Han Manuli makes a whole lot of grilled vegetables.

Throughout the day, Rozental talks about his ingredients. He recently consulted on the opening of a hummus restaurant in Moscow, where he admits it will never be as good as in Jaffa, because the raw produce isn't as good. The buzzwords for many of the ingredients in Israel are the same as anywhere—local, organic, handmade, fresh—but they take on special significance in a country mad about vegetables. At Han Manuli, they use small Bulgarian chickpeas. Even raw, they are flavorful and barely harder to bite than a peanut. "It's the best chickpea in the world," Rozental insists, not just for its flavor, but also for how it grinds into a soft paste.

Rozental shuffles between boiling potatoes and peeling eggs but never seems hurried. He pulls out enamel baking dishes and lines them with crumpled parchment paper to store the grilled onions. They look like they might be straight off Pinterest. Most of Han Manuli has that look, in fact: the mustard yellow, muted aqua, and rust-orange painted chairs, the raw brick walls, and the copper pots hanging from the floating wood shelves.

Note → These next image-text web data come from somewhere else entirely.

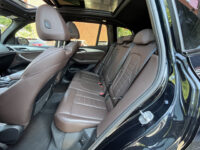 BMW X3 xDrive20i High Executive // NAVI // CAMERA // TREKHAAK // PANO -SCHUIF KANTELDAK // M-PAKKET!! // 53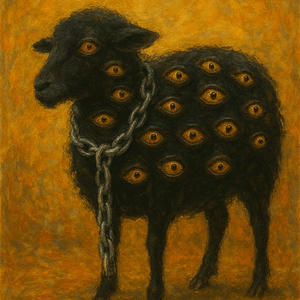 Black Sheep (Explicit)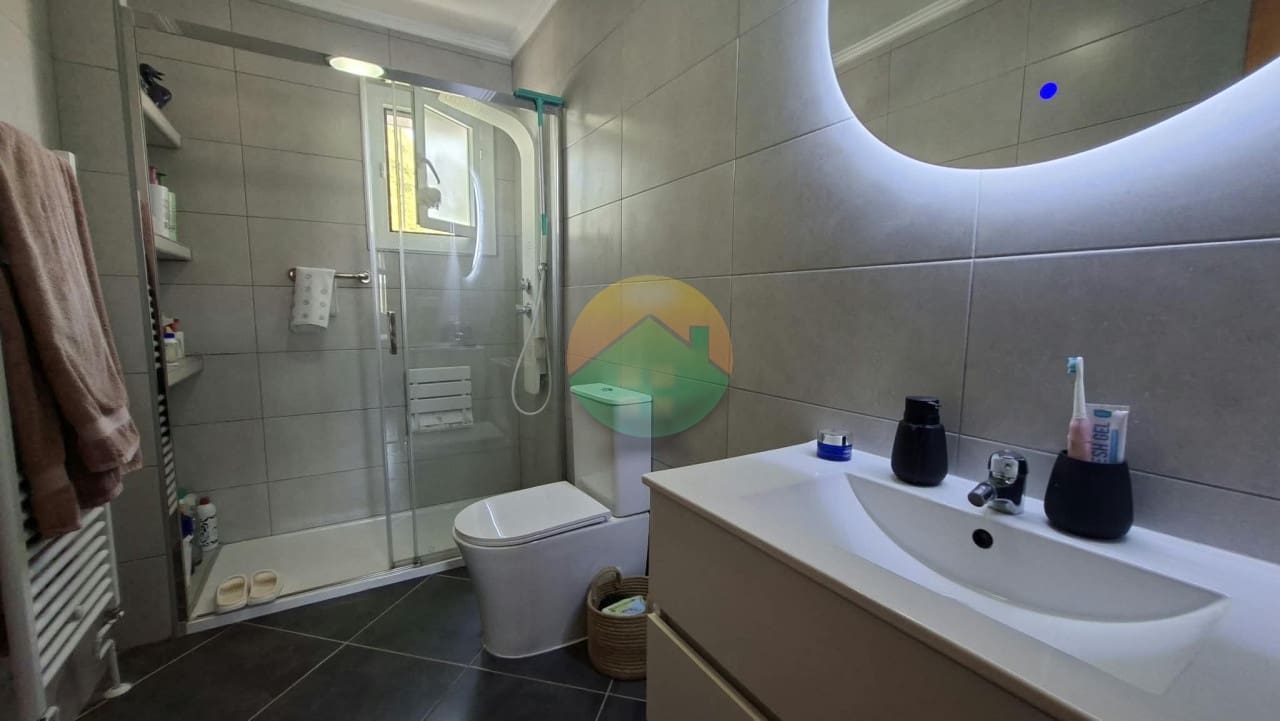 3 sovrum Villa till salu i Camposol med pool garage - 254 995 € (Ref: 10031075)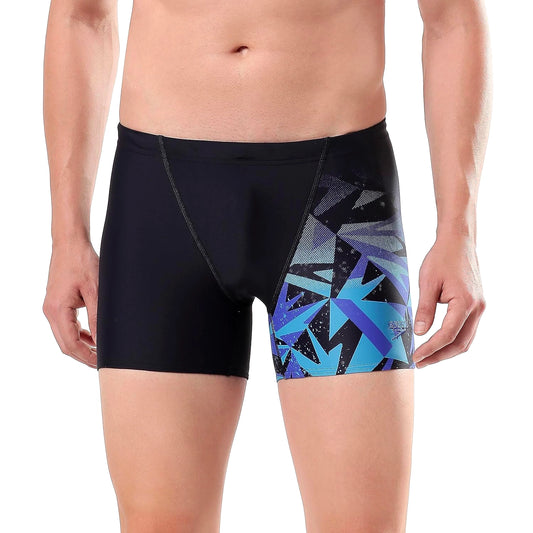 Speedo Hyper Boom V Cut Aquashort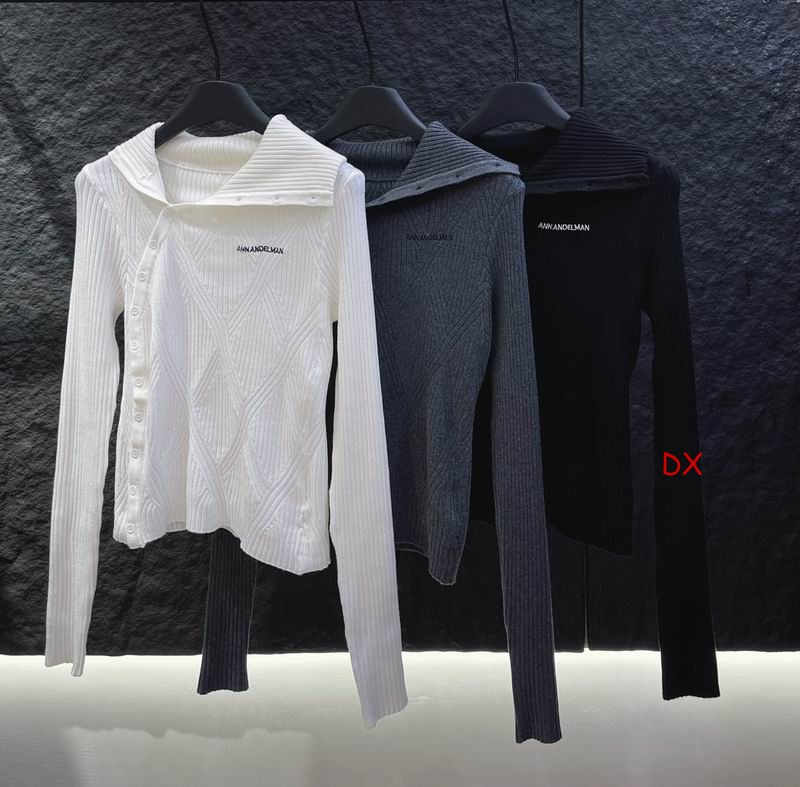 Ann Andelman ���� 506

The dining room at Han Manuli.

Shortly before the restaurant opens at noon, Rozental gets ready to make the hummus itself. He crushes cloves of garlic one by one under the palm of his hand, then adds them to a large prep bowl with coarse-grained sea salt and nearly obliterates them under the weight of a heavy gold pestle, before adding tahini to complete the basic hummus--just the canvas upon which he creates msabaha.

Twice a day, he mixes that same tahini "dough," as he calls it, with lemon juice and cold water, creating tahini sauce. It is one of the standard toppings for Rozental's msabaha. Each bowl also sports a colorful palette of fresh-squeezed lemon juice, olive oil, green herbs, chopped red onions, and chiles (chopped and submerged in oil with salt and garlic).

The gold pestle Rozental uses to mash his chickpeas.

The pita at Han Manuli comes from a nearby bakery, from Rozental's own formula, par-baked to 80%, then finished in—and served warm from—the restaurant's combi-steamer oven. Each serving of msabaha comes with a plate of accessories: pickles, lemon, a hot sauce called harif (Israeli harissa), and raw onion. The onion, Rozental says, is to use to pick up the hummus instead of bread. "It's our secret, it's how we do in Israel," he smiles.

The roots of msabaha come from Lebanon. Rozental considers his version to be more Jordanian or Jerusalem-style, but as nearly anyone here will remind you, hummus belongs to all of the Middle East. Israelis, however, are particularly proud of theirs. I ask Rozental why. "This is what we Israelis do. We are proud." Rozenhak, his partner in business and life, adds, "it's a representative dish. We chose it to be our specialty becomes it gathers people together at the table."

Fully-loaded msabaha.

At noon on the dot, the restaurant opens and the first ticket hits the line: two bowls of take-out msabaha that the same person orders every day. Rozental smiles like a sprinter setting up on the start line and prepares each bowl with impressive speed. This is the best part of running the restaurant, Rozental says, "The people, they come. They come and they eat."

How to Up Your Own Hummus Game

If you can't make it to Jaffa for msabaha at Han Manuli, you can at least steal a few tricks from Rozental to make it at home:

  • Look for the best ingredients. Canned chickpeas have their place, but dried ones are more flavorful and make a richer purée. When it comes to tahini, Mike Solomonov of Philadelphia's acclaimed Zahav Restaurant recommends the brand Soom for its extra-nutty flavor.
  • Add a pinch of baking soda to your dried chickpeas to get them extra soft.
  • For a more complex texture, mash your chickpeas with a mortar and pestle, not a food processor.
  • Save a few of the cooked chickpeas after boiling to serve on top.
  • Make it into a meal by topping with grilled meat or vegetables.